Cython will generate and compile the :file:`rect.cpp` file (from the
:file:`rect.pyx`), then it will compile :file:`Rectangle.cpp`
(implementation of the ``Rectangle`` class) and link both objects files
together into :file:`rect.so`, which you can then import in Python using
``import rect`` (if you forget to link the :file:`Rectangle.o`, you will
get missing symbols while importing the library in Python).

Note that the ``language`` option has no effect on user provided Extension
objects that are passed into ``cythonize()``.  It is only used for modules
found by file name (as in the example above).
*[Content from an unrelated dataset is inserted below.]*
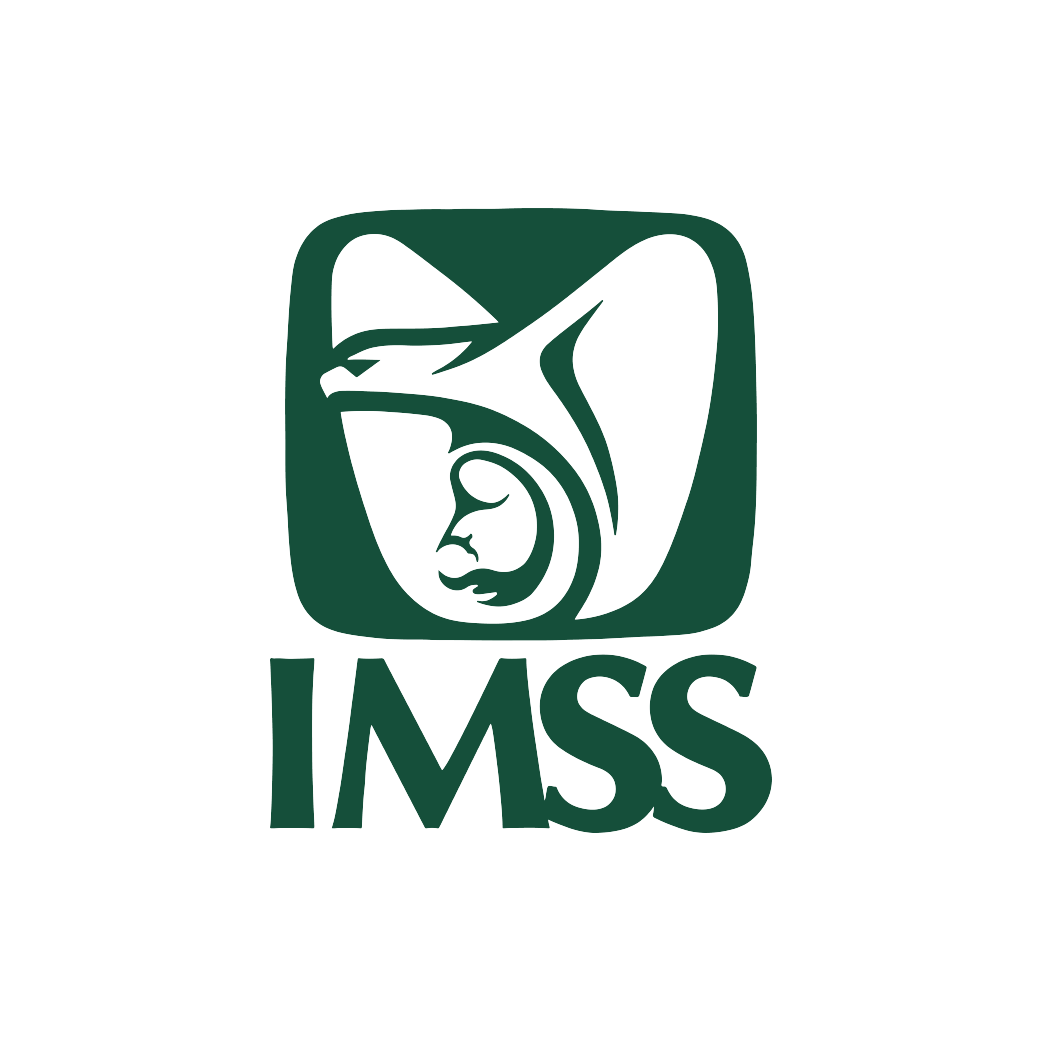 Logo de cliente 14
The ``cythonize()`` function in Cython versions up to 0.21 does not
recognize the ``language`` option and it needs to be specified as an
option to an :class:`Extension` that describes your extension and that
is then handled by ``cythonize()`` as follows::

   from distutils.core import setup, Extension
   from Cython.Build import cythonize

   setup(ext_modules = cythonize(Extension(
              "rect",                                # the extension name
              sources=["rect.pyx", "Rectangle.cpp"], # the Cython source and
                                                     # additional C++ source files
              language="c++",                        # generate and compile C++ code
         )))

The options can also be passed directly from the source file, which is
often preferable (and overrides any global option).  Starting with
version 0.17, Cython also allows to pass external source files into the
``cythonize()`` command this way.  Here is a simplified setup.py file::

   from distutils.core import setup
   from Cython.Build import cythonize

   setup(
       name = "rectangleapp",
       ext_modules = cythonize('*.pyx'),
   )

And in the .pyx source file, write this into the first comment block, before
any source code, to compile it in C++ mode and link it statically against the
:file:`Rectangle.cpp` code file::

   # distutils: language = c++
   # distutils: sources = Rectangle.cpp

To compile manually (e.g. using ``make``), the ``cython`` command-line
utility can be used to generate a C++ ``.cpp`` file, and then compile it
into a python extension.  C++ mode for the ``cython`` command is turned
on with the ``--cplus`` option.

Declaring a C++ class interface
--------------------------------

The procedure for wrapping a C++ class is quite similar to that for wrapping
normal C structs, with a couple of additions. Let's start here by creating the
basic ``cdef extern from`` block::

    cdef extern from "Rectangle.h" namespace "shapes":

This will make the C++ class def for Rectangle available. Note the namespace declaration.
Namespaces are simply used to make the fully qualified name of the object, and can be nested (e.g. ``"outer::inner"``) or even refer to classes (e.g. ``"namespace::MyClass`` to declare static members on MyClass).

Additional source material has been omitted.